C’est un peu de ça qu’il s’agit sur le morceau en question, subtil et sulfureux, léger et pourtant d’envergure. La vapeur presque shoegaze des guitares, les frasques noisy de Pat Jeanson et JB Mancave, y insufflant ce surplus de souffre, de vice stylé, qui fait percher la balance du côté favorable. Et ce n’est certainement pas Nowhere, placé en plein mitan de ce And we shine, qui me fera médire. Maxime de Guibert ponctue l’effort de sa basse en vue, les assauts noise déferlent. En vagues, en flux tendu et réitéré. C’est du rock guerrier, bruyant autant que distingué. On adore, c’est pour nous un peu de l’or.

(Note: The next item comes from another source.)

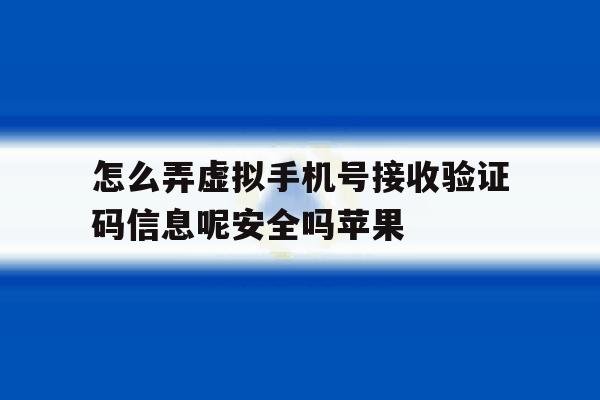 怎么弄虚拟手机号接收验证码信息呢安全吗苹果 怎么弄虚拟手机号接收验证码信息呢安全吗苹果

Du rock qu’on aime, aussi, quand il retombe (l’éponyme And we shine et encore une fois, le mensonge n’est pas de mise). On entend néanmoins, derrière, une « latence ». La voix songeuse se tait, les instruments prennent le relais et bâtissent une trame noisy à la Sonic Youth. On n’est jamais tranquille, Princess Thailand n’a de cesse de jouer avec les dynamiques, avec les émotions, à jongler avec les climats pour les associer, finalement, adroitement. Le tout saupoudré de tirs de grenades soniques comme celle, irrésistible, qui défigure l’excellent Night after day. Le titre donnant, à lui seul, une idée déjà précise de son contenu. Le groupe, c’est désormais établi, peut aller jouer dans la cour des grands; personne ne lui cherchera misère. Il y tiendra son rang, fort d’un répertoire aux répercussions fatales pour la concurrence.
Un orage vocal et instrumental « fait maison » mène la chanson à terme, à ce moment il nous reste un ultime titre à nous injecter. Celui-ci, un Into her skin (ah bah tiens, en parlant d’injection..) ambiancé, dépaysant, expérimente. Le chaudron commence à bouillir, les sons renouvelés obsèdent le cortex. Un trip noisy survient, le silence lui fait suite. Au bout, on tombe sur un dernier jet bruitiste, en conclusion d’une fournée qui, comme on pouvait le prévoir, assied ses géniteurs sur les cimes et consacre un And we shine parachevé, tempétueux, beau et impulsif, à écouter intempestivement.